By V Shunmugam

Earlier this month, the Reserve Bank of India tightened the related party lending norms for banks. This shifts oversight from the bank management to the board, ensuring insider lending decisions are formally reviewed, documented & held accountable at the highest level, explains V Shunmugam

How is a related party defined

In corporate law, the related party concept is rooted in the Companies Act, 2013. It outlines relationships based on control, significant influence, shared directorships, key managerial personnel (KMP), relatives, and entities like subsidiaries, associates, and joint ventures. The goal is to recognise situations where transactions might not be conducted at arm’s length.

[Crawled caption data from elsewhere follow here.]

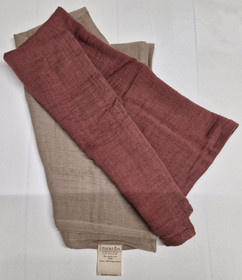 Musliiniharsot Nuuroo BAO, 2kpl, 100% puuvilla, Cobblestone/Mahogany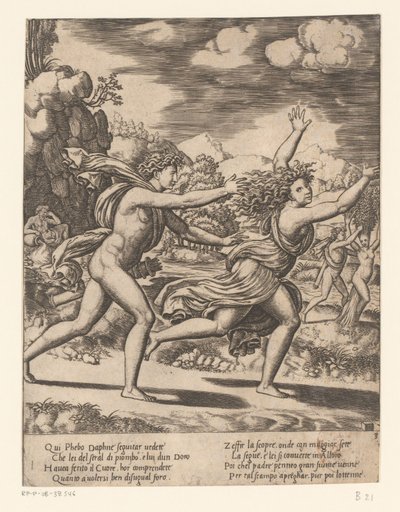 Apollo verfolgt Daphne von Meester van de Dobbelsteen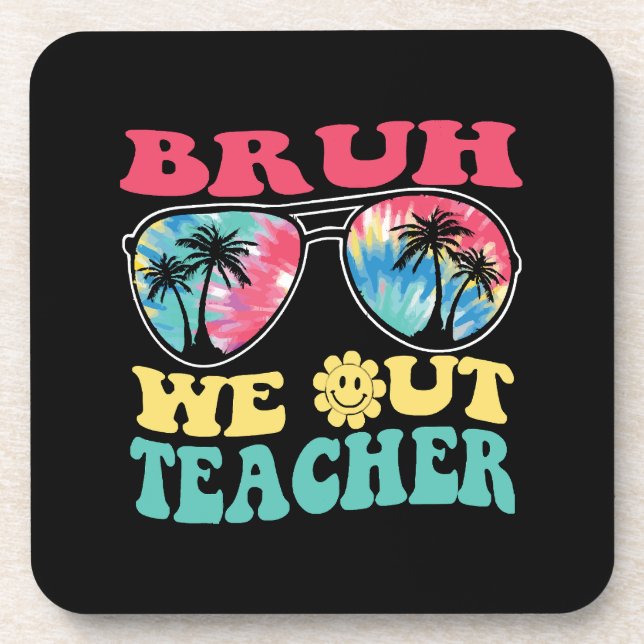 Porta-copo Bruh Nós Descobrimos Professores No Fim Do Ano Esc (Frente)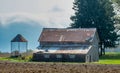 Old rustic wood barn in the USA Royalty Free Stock Photo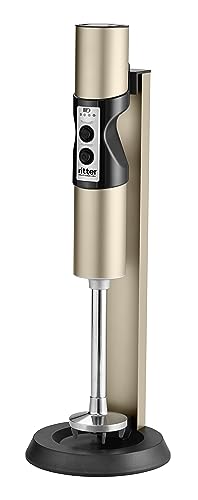 Frullatore a immersione ritter stilo 7 Plus, marrone chiaro, wireless, frullatore a immersione a batteria ricaricabile, made in Germany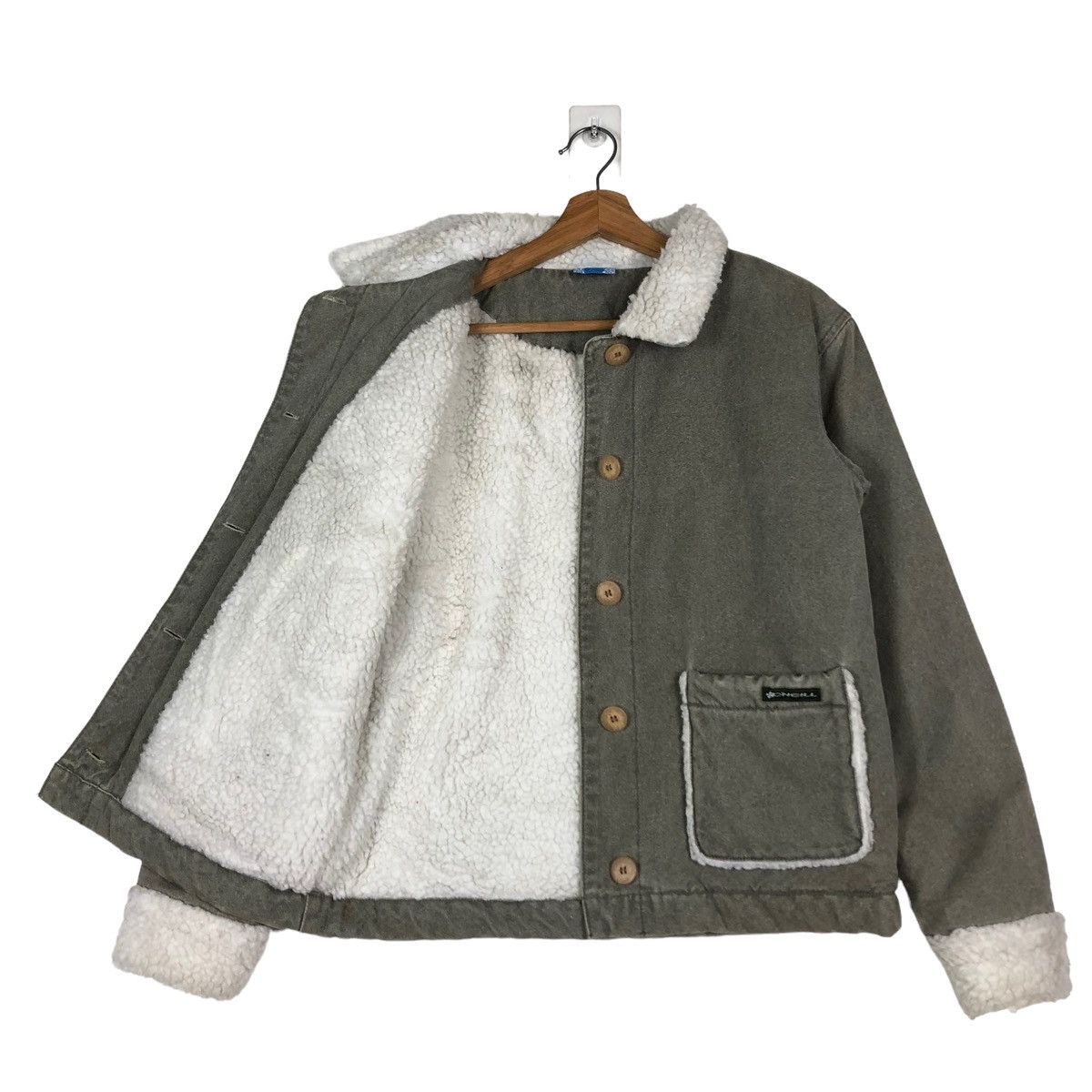 Japanese Brand 🔥VINTAGE CHORE JACKET WORK ONEILL SHEARLING LINING Size US L / EU 52-54 / 3 - 10 Thumbnail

The Securities and Exchange Board of India’s (Sebi) listing obligations and disclosure regulations (LODR) expand the scope for listed companies by covering not only control and influence but also material related party transactions (RPTs) that may impact minority shareholders. The regulations prioritise transparency, shareholder approval, and disclosure.
However,  the Reserve Bank of India (RBI) views related-party lending differently.

For banks, it’s not just about governance but also a prudential risk. Lending to promoters, directors, senior management, or connected entities directly impacts credit assessment integrity, moral hazard, and systemic risk. Therefore, the January 2026 related party lending amendments establish a bank-specific, risk-based definition of related parties focused on credit exposure. 

Why does related party lending matter more for banks?

For banks, related party lending intersects with compliance, risk manage-ment, and board oversight. Unlike non-financial companies, a bank’s balance sheet mainly consists of leveraged public deposits. Any bias in credit allocation—particularly to insiders—can harm asset quality and reduce financial stability.

The recent directions mark a move away from the scattered restrictions under Section 20 of the Banking Regulation Act towards a unified, policy-based frame-work that oversees related party lending and monitoring disclosure.

The changes: Expand and standardise the definition of related parties for banks; introduce explicit board-level responsibility and dedicated committees; mandate granular disclosures in financial statements and tighten audit, recusal and enforcement.

What is a specified employee

A key innovation is the introduction of ‘specified employees’. They are those within two levels below the board, along with others designated by bank policy. Lending to them and their relatives must be explicitly governed by policy, reported to the board each year, and subject to audit review.

What the new rules say

RBI mandates that banks incorporate controls for related party lending into their board-approved credit risk mana-gement policy. This must cover lending to related parties, lending to specified employees and their relatives, aggregate and sub-limits, approval authorities and whistleblower safeguards. Related party lending interfaces with board-level lending or related party committees, audit committee oversight, internal audit and vigilance frameworks.

The new framework replaces discretionary bank decisions with strict regulatory limits based on balance-sheet size. Banks with assets over Rs 10 lakh crore can’t consider any related-party exposure above Rs 25 crore as immaterial; other banks have lower thresholds. Importantly, materiality now applies to individual transactions rather than the total sum.

Any exposure exceeding these limits must be approved by the board or a designated board committee. This change shifts oversight from management to the board, ensuring insider lending decisions are formally reviewed, documented, and held accountable at the highest level.

Recusal & review

Directors, KMPs and designated employees are required to recuse themselves not only from initial sanction decisions but also from any important later changes, including restructuring, waivers, or write-offs. Internal audit functions must review related party lending at least quarterly or more often.

Any policy deviations should be reported to the audit committee. RBI has also explicitly cautioned against schemes intended to bypass these rules, such as reciprocal or quid pro quo lending arrangements. 

How RBI looks at RPTs versus Sebi

SEBI’S RPT regime is shareholder-centric, focusing on fairness, approvals, and disclosures for listed entities. RBI’s regime is prudential and supervisory, focusing on credit risk, the integrity of governance, and financial stability.

Importantly, RBI has clarified that listed banks are required to adhere to both frameworks—RBI for credit risk and Sebi for market disclosures—viewing the regimes as complementary rather than substitutive.

The new disclosure norms make insider lending risks transparent and comparable. These disclosures can act as an early alarm, highlighting governance issues before they lead to large NPAs or regulatory intervention. Over time, banks with low, well-managed related-party exposures are likely to be valued higher, while opaque or risky insider lending will attract higher risk discounts.